Q: Well if that is true, then how would anyone ever begin to connect with it, much less begin to, as you
put it, “live it out?”
A: Most of us have some access to the Authentic Self, through our feelings, just one of several internal avenues to authenticity. For example, I might come
to resent the fact that I am always there for my friends but they are not there for me.
That feeling of resentment, believe it or not, could be a message to me from the Authentic Self that I am going about
my life in an inauthentic way. It could be one link in the chain that binds me
to a role, or mask and costume that I put on when I had to be there for family and parents even though they weren't there
for me. For the most part, however, we ignore these feelings until they erupt
in a crisis. This crisis becomes the challenge to move beyond the mask and costume
into something more real.
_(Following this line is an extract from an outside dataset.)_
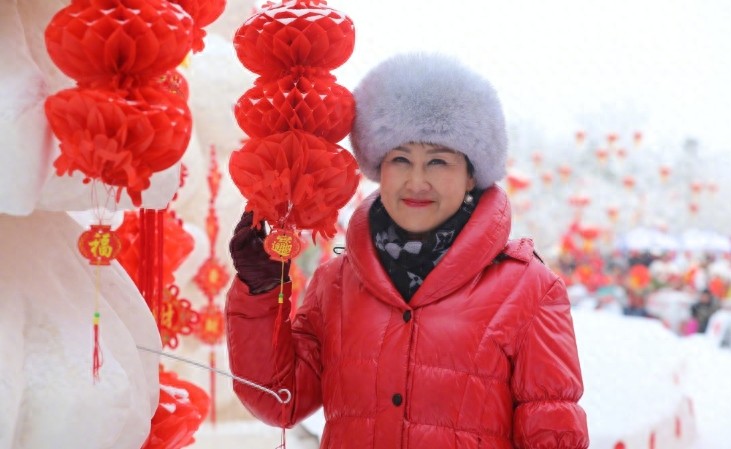 55岁张凯丽全家近照,神秘老公曝光,23岁女儿长相甜美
When we are in crisis, or in pain of any kind, we tend
to take on a more internal view of our lives, becoming more aware of our feelings, our beliefs about life and ourselves, and
the barriers that keep us from having a good life. However, while we may become
aware of these things unless we know what to do next, we will generally just berate ourselves and slide into the next groove
of the record that is stuck repeating the same old song.
The way out of this, of course would be to learn a new song. When we try to do this through the old identity however, we just end up “doing the same old thing
and looking for different results,” AA’s definition of insanity. The
only way to really sing a new song is to know the melody and lyrics. In order
to do that, we’ve got to go to where that new song is being sung. We have
to go to the Authentic Self, the only place where we will find any real music at all.
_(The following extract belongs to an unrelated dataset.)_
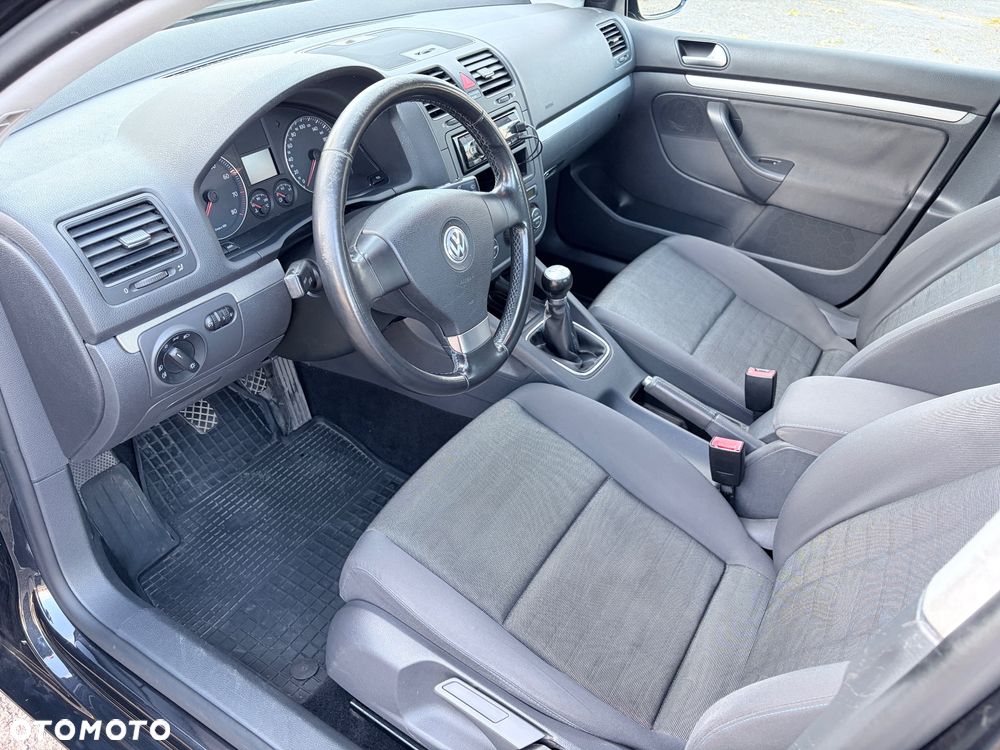 Volkswagen Golf 1.6 Trendline - 15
That would mean finding and beginning to live out of entirely new identity, one that is more real and doesn’t
leave us with feelings of dissatisfaction and lack of fulfillment. An identification
with the Authentic Self allows us to make wise choices, it allows us to take really good care of ourselves, it allows us to
deal with our fears and put to rest our anxieties in a way that we can trust, for it comes from someone we will learn to trust—ourselves.
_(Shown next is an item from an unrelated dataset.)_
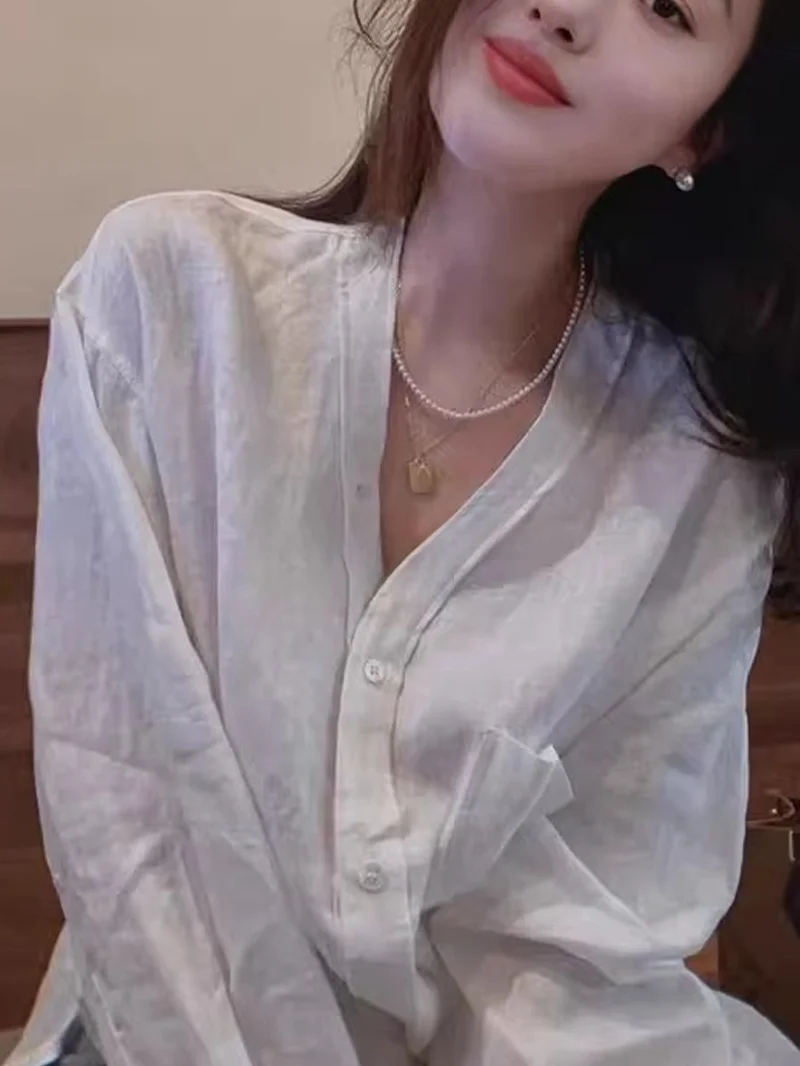 

Белая хлопково-льняная свободная женская рубашка Rouje Kefss Design Sensation, новинка весеннего сезона, для фигуры типа «песочные сандалии» и «груша»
The problem for most of us is that we don’t know how we got into the messes of
our lives in the first place and we don’t know how to get out. Restoring My Soul: A Workbook for Finding and Living the Authentic Self addresses both of these concerns.
Q: Okay, what is the
mask and costume then and how do we put it on in the first place?
A: Infants and children
are looking for mirrors in which they can see themselves. Everything in their world becomes a self-definition.
Therefore, when they look into the faces and at the actions of their parents or primary caregivers, they see themselves.
Add to that the fact that most of us were raised by parents who, often with the best of intentions, unwittingly and often
non-verbally told us, "don't be who you are, be who I need you to be." Sometimes they needed for us to be "good"
so that we didn't embarrass or shame them; sometimes they needed for us to be "bad," so that they would have somewhere to
put their own "bad." Sometimes they needed for us to relate to them by rescuing them. Sometimes we were the funny
ones, who kept things light. Sometimes we were the ones that they needed to constantly baby, so that growing up became
very difficult for us. Sometimes they bullied us, so that we began to see ourselves as their victims, or perhaps we
donned the same bully identity in order, as we saw it, to survive. That's just a few examples, of what it takes to build
the mask and costume. But once we put it on, we begin to identify with it, hang our name tags on it, so that we literally
think that it is who we are. When we have lived out this role for many years, it becomes very difficult to hear
the voice of the Authentic Self under all the cacophony of the role.
Q: Well if that's
true then, how does one begin to hear that voice, as you put it?
A: There are certain
very definite and practical methods used in Restoring My Soul: A Workbook for Finding and Living the Authentic Self,
which allow the reader to become very well acquainted both with the role, its thoughts, behaviors and mantras, and with the
Authentic Self.
Q: It sounds like
one would have to be pretty vulnerable to others when one becomes authentic. Is that true?
A: That's exactly
what we fear, and why we put on the mask and costume in the first place. But the truth is that the Authentic Self is
wise, very lovingly protective, and knows exactly what our next step needs to be. We don't become more vulnerable to
others when we begin to live authentically, we just become more aware of ourselves. In fact, we are more vulnerable
to others when we live out the role, because we attract the people that will both enable us to maintain the role and at the
same time damage us with it. But this damage has never been complete for the Authentic Self has never been wounded.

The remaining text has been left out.